[[ DATA FOR REVIEW, beginning ]]

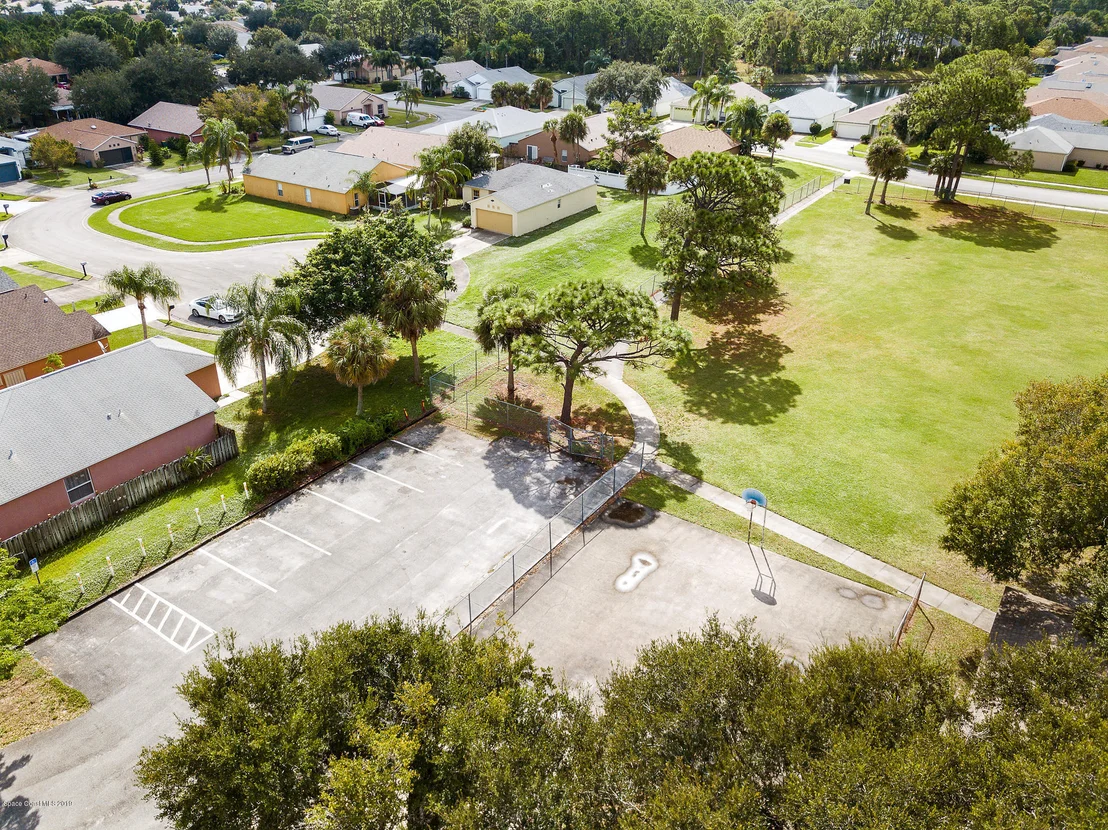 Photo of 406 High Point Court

[[ DATA FOR REVIEW, end ]]
[[ DATA FOR REVIEW, beginning ]]

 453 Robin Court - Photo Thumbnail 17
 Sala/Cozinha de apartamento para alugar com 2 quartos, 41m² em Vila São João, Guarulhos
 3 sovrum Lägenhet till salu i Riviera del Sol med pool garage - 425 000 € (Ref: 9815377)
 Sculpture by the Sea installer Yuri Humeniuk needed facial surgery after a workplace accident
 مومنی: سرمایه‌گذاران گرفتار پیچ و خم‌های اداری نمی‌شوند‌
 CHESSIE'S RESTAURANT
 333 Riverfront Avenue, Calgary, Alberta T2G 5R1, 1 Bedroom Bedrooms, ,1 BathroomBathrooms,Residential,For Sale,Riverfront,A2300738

[[ DATA FOR REVIEW, end ]]
[[ DATA FOR REVIEW, beginning ]]

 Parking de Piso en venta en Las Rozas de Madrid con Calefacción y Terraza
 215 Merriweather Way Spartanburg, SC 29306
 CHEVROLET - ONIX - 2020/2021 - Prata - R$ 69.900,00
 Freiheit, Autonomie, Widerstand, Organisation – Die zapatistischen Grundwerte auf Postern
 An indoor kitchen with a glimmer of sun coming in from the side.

[[ DATA FOR REVIEW, end ]]

Using the records above, write out exactly the lines between the one holding "Parking de Piso" and the one holding "An indoor kitchen", inclusive; leave everything else out.

ANSWER TO THIS EXERCISE —
 Parking de Piso en venta en Las Rozas de Madrid con Calefacción y Terraza
 215 Merriweather Way Spartanburg, SC 29306
 CHEVROLET - ONIX - 2020/2021 - Prata - R$ 69.900,00
 Freiheit, Autonomie, Widerstand, Organisation – Die zapatistischen Grundwerte auf Postern
 An indoor kitchen with a glimmer of sun coming in from the side.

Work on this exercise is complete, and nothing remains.